[Short web captions]

----------------

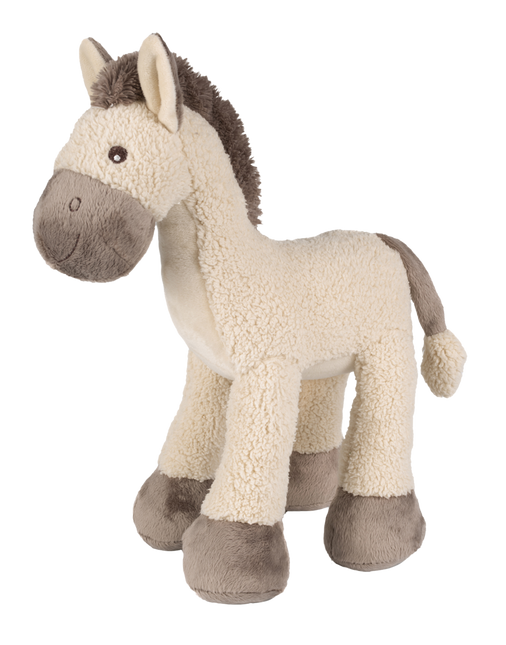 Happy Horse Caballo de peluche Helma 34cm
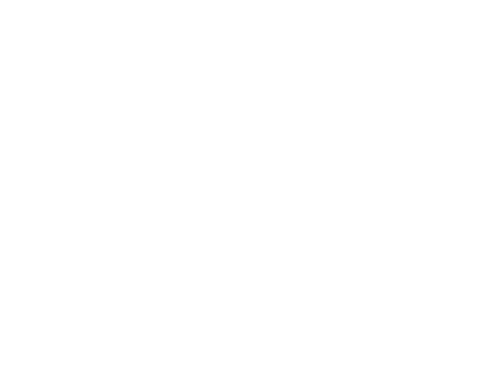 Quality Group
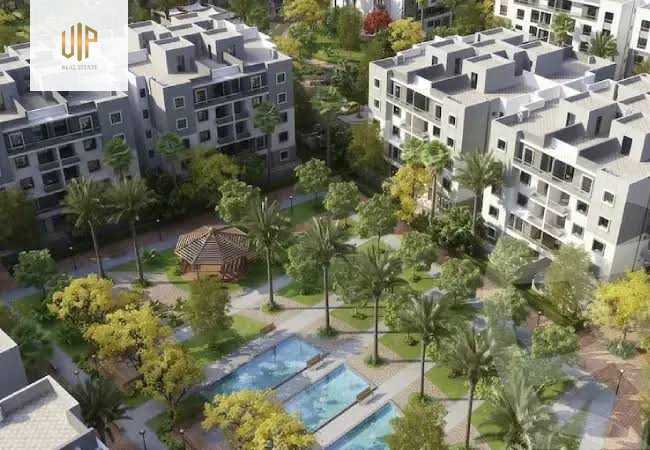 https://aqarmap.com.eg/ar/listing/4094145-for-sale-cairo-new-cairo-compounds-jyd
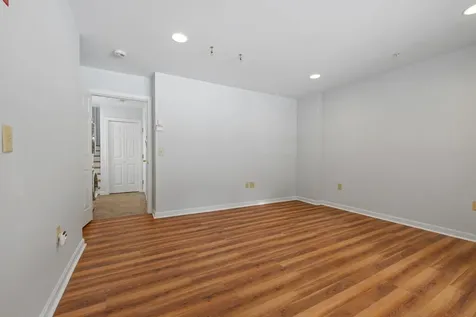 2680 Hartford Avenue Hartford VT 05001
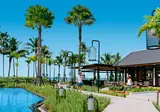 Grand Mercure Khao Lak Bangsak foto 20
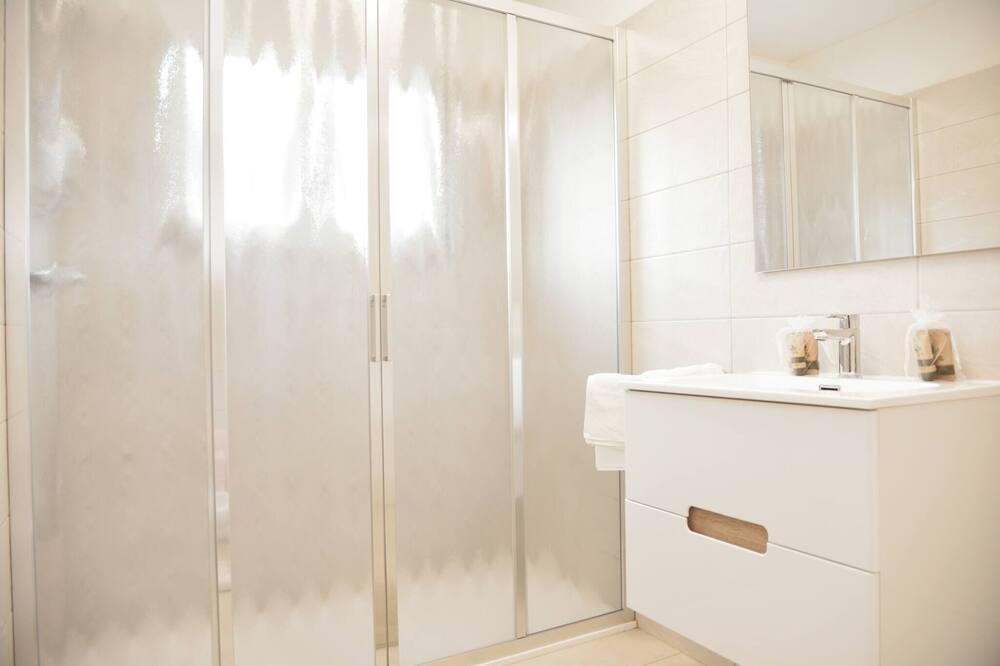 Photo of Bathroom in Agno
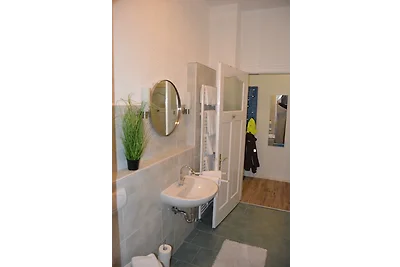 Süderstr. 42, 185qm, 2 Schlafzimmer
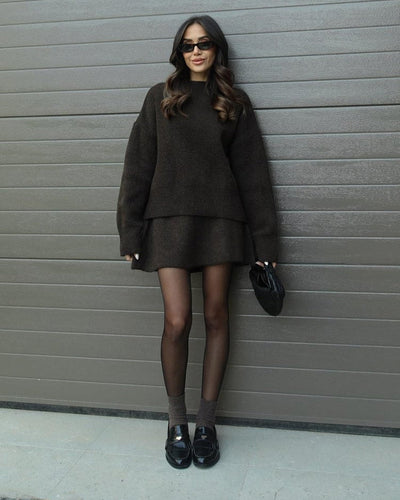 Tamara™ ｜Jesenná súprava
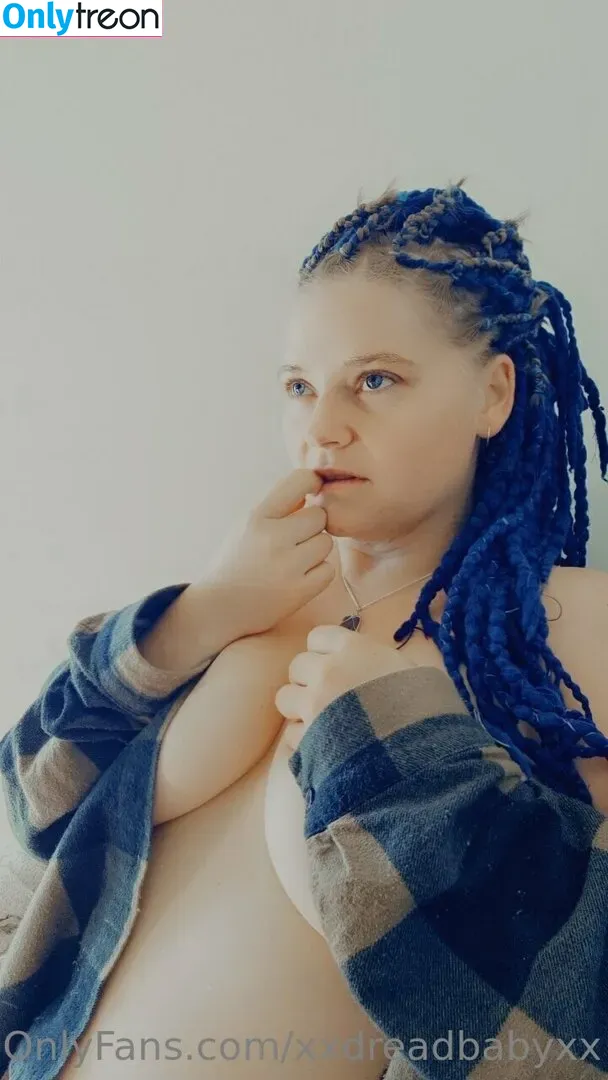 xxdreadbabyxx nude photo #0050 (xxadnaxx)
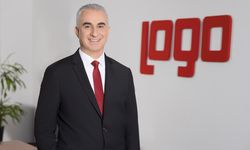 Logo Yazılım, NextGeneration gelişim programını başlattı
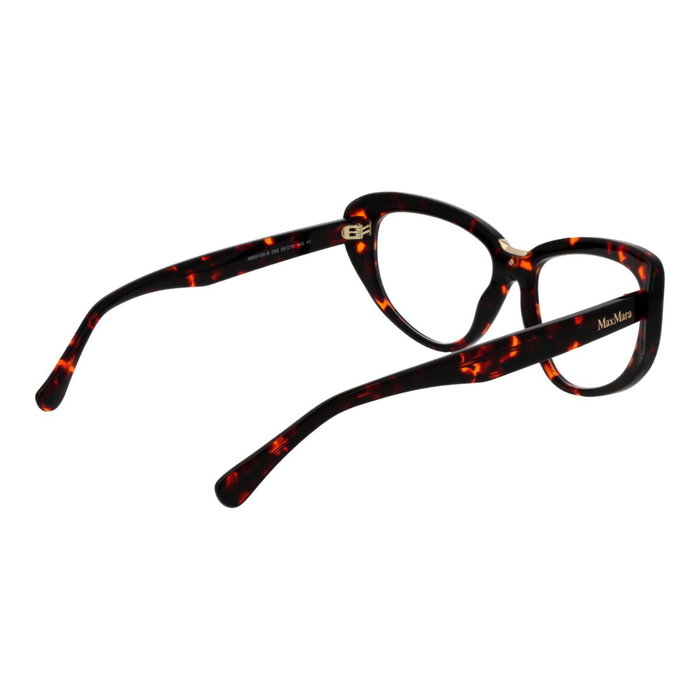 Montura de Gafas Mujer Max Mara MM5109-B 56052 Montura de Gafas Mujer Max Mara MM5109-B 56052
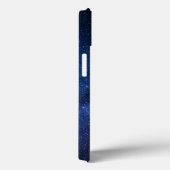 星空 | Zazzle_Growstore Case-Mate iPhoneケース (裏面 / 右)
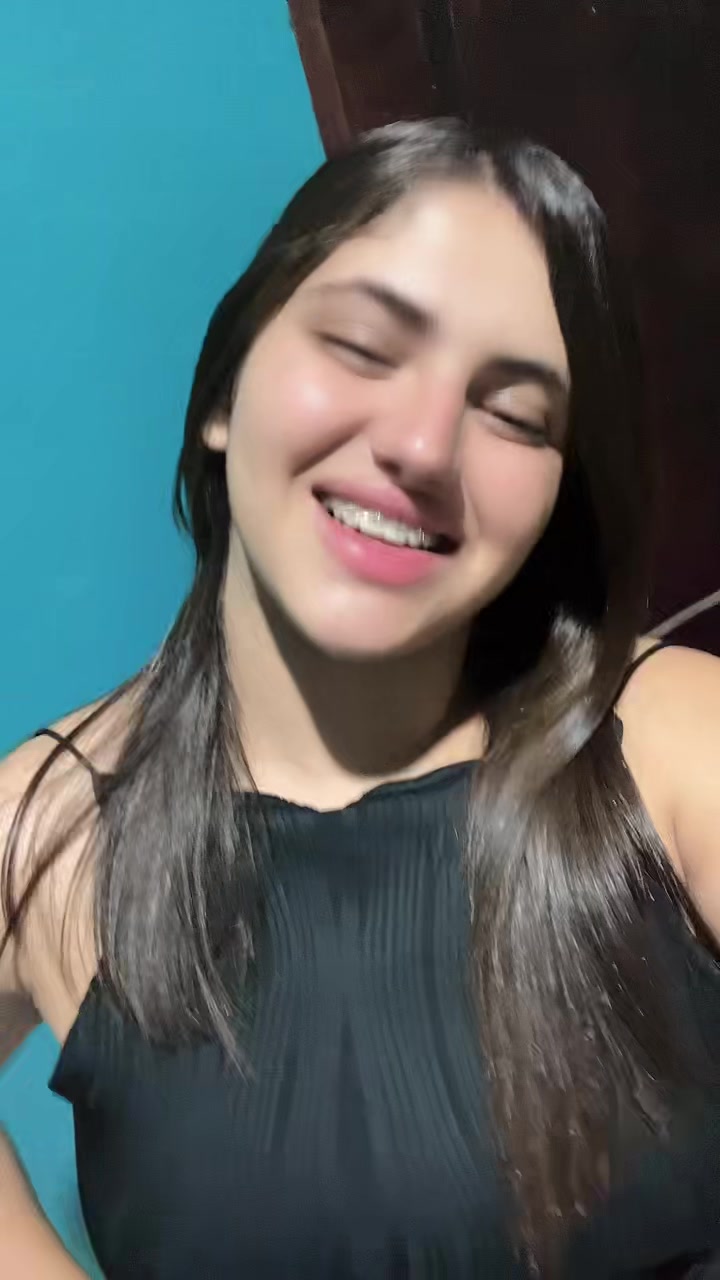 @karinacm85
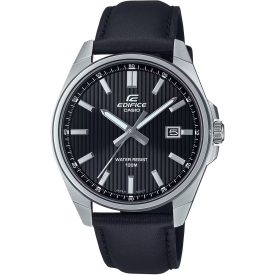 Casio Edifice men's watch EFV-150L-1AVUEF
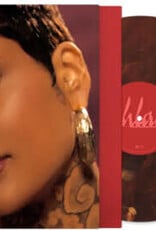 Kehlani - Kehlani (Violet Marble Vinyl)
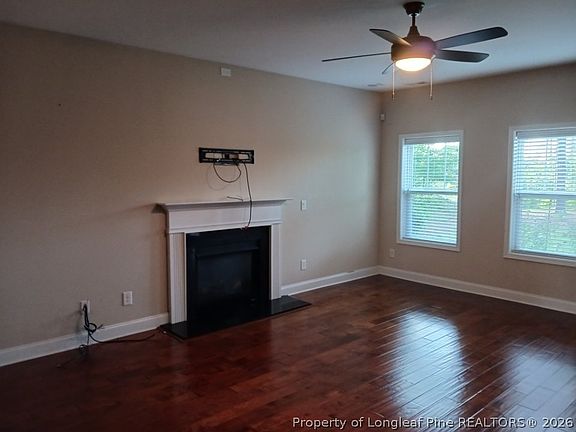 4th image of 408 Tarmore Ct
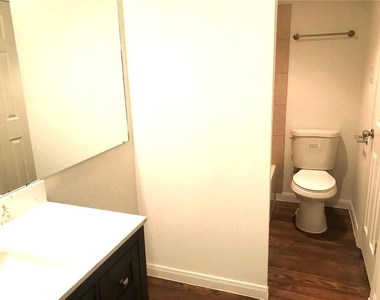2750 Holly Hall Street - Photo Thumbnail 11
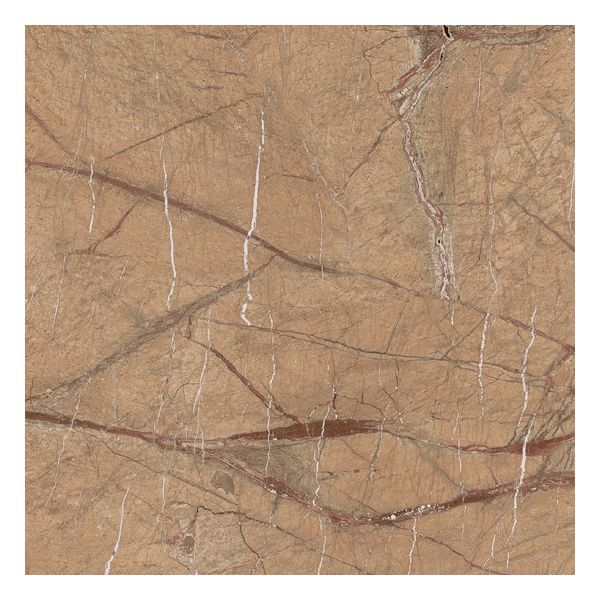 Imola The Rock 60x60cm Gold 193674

----------------

• [EXERCISE] Full copy, no pictures: write out each line of the data exactly as it stands.

• [EXERCISE RESPONSE]
 Happy Horse Caballo de peluche Helma 34cm
 Quality Group
 https://aqarmap.com.eg/ar/listing/4094145-for-sale-cairo-new-cairo-compounds-jyd
 2680 Hartford Avenue Hartford VT 05001
 Grand Mercure Khao Lak Bangsak foto 20
 Photo of Bathroom in Agno
 Süderstr. 42, 185qm, 2 Schlafzimmer
 Tamara™ ｜Jesenná súprava
 xxdreadbabyxx nude photo #0050 (xxadnaxx)
 Logo Yazılım, NextGeneration gelişim programını başlattı
 Montura de Gafas Mujer Max Mara MM5109-B 56052 Montura de Gafas Mujer Max Mara MM5109-B 56052
 星空 | Zazzle_Growstore Case-Mate iPhoneケース (裏面 / 右)
 @karinacm85
 Casio Edifice men's watch EFV-150L-1AVUEF
 Kehlani - Kehlani (Violet Marble Vinyl)
 4th image of 408 Tarmore Ct
2750 Holly Hall Street - Photo Thumbnail 11
 Imola The Rock 60x60cm Gold 193674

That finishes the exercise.